**Problem to solve**
Repeat, line for line, the entries below from the first line to the line containing "[BUNJANG] Mischief Buckle", counting both ends.

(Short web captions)
---------------
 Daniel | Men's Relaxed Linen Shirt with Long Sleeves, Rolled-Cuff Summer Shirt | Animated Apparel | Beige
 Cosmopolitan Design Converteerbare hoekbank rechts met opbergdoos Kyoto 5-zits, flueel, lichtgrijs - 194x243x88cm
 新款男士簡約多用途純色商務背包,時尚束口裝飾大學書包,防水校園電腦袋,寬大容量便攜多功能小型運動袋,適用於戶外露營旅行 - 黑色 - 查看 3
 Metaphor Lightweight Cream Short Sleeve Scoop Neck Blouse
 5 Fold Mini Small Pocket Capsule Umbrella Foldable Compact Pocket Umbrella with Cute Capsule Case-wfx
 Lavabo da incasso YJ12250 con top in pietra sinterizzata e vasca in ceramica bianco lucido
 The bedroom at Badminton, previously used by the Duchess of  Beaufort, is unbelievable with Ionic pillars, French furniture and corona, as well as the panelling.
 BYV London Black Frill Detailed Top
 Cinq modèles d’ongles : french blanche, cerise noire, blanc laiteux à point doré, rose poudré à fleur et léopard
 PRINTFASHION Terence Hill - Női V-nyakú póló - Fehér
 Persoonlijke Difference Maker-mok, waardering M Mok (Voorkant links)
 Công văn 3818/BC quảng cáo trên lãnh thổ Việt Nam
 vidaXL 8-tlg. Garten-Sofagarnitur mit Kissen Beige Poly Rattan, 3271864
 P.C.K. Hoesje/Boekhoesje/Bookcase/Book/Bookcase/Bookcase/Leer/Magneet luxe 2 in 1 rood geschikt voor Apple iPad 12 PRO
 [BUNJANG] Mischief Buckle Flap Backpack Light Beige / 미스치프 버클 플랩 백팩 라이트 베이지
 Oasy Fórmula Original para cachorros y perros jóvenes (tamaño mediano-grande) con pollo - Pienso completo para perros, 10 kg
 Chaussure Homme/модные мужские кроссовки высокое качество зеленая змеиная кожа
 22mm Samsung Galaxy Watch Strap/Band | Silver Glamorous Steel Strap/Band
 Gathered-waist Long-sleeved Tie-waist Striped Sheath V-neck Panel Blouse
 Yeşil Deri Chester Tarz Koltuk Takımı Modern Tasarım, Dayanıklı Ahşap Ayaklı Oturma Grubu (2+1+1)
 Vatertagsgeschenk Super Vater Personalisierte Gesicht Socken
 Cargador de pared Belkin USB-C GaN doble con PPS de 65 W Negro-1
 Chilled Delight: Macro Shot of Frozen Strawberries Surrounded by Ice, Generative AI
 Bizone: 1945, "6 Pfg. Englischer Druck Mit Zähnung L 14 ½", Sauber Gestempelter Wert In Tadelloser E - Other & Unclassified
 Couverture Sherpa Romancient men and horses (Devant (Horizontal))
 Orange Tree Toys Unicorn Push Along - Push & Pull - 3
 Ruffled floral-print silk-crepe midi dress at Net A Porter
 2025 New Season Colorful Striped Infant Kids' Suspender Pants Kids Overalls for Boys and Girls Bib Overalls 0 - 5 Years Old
---------------
**Result**
 Daniel | Men's Relaxed Linen Shirt with Long Sleeves, Rolled-Cuff Summer Shirt | Animated Apparel | Beige
 Cosmopolitan Design Converteerbare hoekbank rechts met opbergdoos Kyoto 5-zits, flueel, lichtgrijs - 194x243x88cm
 新款男士簡約多用途純色商務背包,時尚束口裝飾大學書包,防水校園電腦袋,寬大容量便攜多功能小型運動袋,適用於戶外露營旅行 - 黑色 - 查看 3
 Metaphor Lightweight Cream Short Sleeve Scoop Neck Blouse
 5 Fold Mini Small Pocket Capsule Umbrella Foldable Compact Pocket Umbrella with Cute Capsule Case-wfx
 Lavabo da incasso YJ12250 con top in pietra sinterizzata e vasca in ceramica bianco lucido
 The bedroom at Badminton, previously used by the Duchess of  Beaufort, is unbelievable with Ionic pillars, French furniture and corona, as well as the panelling.
 BYV London Black Frill Detailed Top
 Cinq modèles d’ongles : french blanche, cerise noire, blanc laiteux à point doré, rose poudré à fleur et léopard
 PRINTFASHION Terence Hill - Női V-nyakú póló - Fehér
 Persoonlijke Difference Maker-mok, waardering M Mok (Voorkant links)
 Công văn 3818/BC quảng cáo trên lãnh thổ Việt Nam
 vidaXL 8-tlg. Garten-Sofagarnitur mit Kissen Beige Poly Rattan, 3271864
 P.C.K. Hoesje/Boekhoesje/Bookcase/Book/Bookcase/Bookcase/Leer/Magneet luxe 2 in 1 rood geschikt voor Apple iPad 12 PRO
 [BUNJANG] Mischief Buckle Flap Backpack Light Beige / 미스치프 버클 플랩 백팩 라이트 베이지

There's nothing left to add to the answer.